Watching Being Human, BBC3's supernatural dramcom about a werewolf and a vampire and a ghost sharing a house in Bristol*, I am almost convinced from my standard dislike of the vampire in fiction as an aristocrat rockstar bullshit.
My personal sympathies tend to lie more with the dirty, punkrock spittle of the werewolf or the democratic dead-eyed slump of the zombie. Vampires are poseur fucks. They literally suck.
However, my interest in things toothy was piqued by one Annabel Scholey, who plays a genuinely sexy vampirixen. Dark bob, chewable cheeks, heaving cleave. This however is not the story. 'Specially since she been finished by a table leg through the bosom anyway. The story is that she had seemingly not been recognised by the interweb.
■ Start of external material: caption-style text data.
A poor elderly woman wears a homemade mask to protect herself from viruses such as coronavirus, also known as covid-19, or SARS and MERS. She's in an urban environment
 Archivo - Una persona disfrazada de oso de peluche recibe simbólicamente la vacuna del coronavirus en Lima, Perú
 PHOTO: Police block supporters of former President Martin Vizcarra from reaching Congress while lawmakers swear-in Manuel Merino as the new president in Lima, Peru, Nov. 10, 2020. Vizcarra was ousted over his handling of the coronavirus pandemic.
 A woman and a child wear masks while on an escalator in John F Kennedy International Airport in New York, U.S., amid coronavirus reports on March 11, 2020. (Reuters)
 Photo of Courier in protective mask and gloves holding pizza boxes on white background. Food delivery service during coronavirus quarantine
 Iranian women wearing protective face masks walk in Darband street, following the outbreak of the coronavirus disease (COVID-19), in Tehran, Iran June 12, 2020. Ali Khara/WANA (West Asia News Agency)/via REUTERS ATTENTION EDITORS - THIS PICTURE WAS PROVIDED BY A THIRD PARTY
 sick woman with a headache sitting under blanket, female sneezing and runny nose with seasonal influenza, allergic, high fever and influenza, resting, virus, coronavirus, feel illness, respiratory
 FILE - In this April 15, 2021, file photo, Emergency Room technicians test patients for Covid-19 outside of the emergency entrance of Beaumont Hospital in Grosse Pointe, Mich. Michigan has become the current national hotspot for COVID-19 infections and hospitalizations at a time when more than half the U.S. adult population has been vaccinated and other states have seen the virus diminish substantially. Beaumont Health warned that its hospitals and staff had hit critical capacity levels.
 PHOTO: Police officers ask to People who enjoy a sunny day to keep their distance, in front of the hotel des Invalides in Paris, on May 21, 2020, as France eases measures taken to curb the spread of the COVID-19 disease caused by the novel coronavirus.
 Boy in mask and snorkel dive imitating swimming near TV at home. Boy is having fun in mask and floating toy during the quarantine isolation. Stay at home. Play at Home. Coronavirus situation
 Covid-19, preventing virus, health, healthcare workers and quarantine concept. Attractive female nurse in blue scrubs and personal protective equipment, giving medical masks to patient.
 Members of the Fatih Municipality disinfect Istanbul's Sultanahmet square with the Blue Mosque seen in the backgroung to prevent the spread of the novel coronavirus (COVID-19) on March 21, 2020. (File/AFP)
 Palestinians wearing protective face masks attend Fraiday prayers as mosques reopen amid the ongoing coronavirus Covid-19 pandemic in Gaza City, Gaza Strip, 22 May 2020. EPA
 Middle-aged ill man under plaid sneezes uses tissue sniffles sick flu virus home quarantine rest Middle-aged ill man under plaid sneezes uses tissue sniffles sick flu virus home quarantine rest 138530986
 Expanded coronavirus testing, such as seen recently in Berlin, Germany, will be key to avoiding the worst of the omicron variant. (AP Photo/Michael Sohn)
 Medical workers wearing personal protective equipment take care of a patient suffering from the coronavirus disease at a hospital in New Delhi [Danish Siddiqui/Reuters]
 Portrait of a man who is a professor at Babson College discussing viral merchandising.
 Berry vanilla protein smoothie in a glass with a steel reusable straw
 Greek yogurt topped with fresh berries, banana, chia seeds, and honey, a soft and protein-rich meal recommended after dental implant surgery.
I could find little or no trace of the little lady. Tiny pieces of the corner of my mind began to drift toward the ceiling like dark grey smudges rising from a bonfire. How could this be? Something had become loose at the hinges in the universe. Some graven law was rubbing away before my keyboard-clacking fingers.
Then I realised that her name was spelt wrong. History was denied, but there was a press shot to be admired.
Your pal, Coc x
* Not even a squat, which seems terribly law-abiding.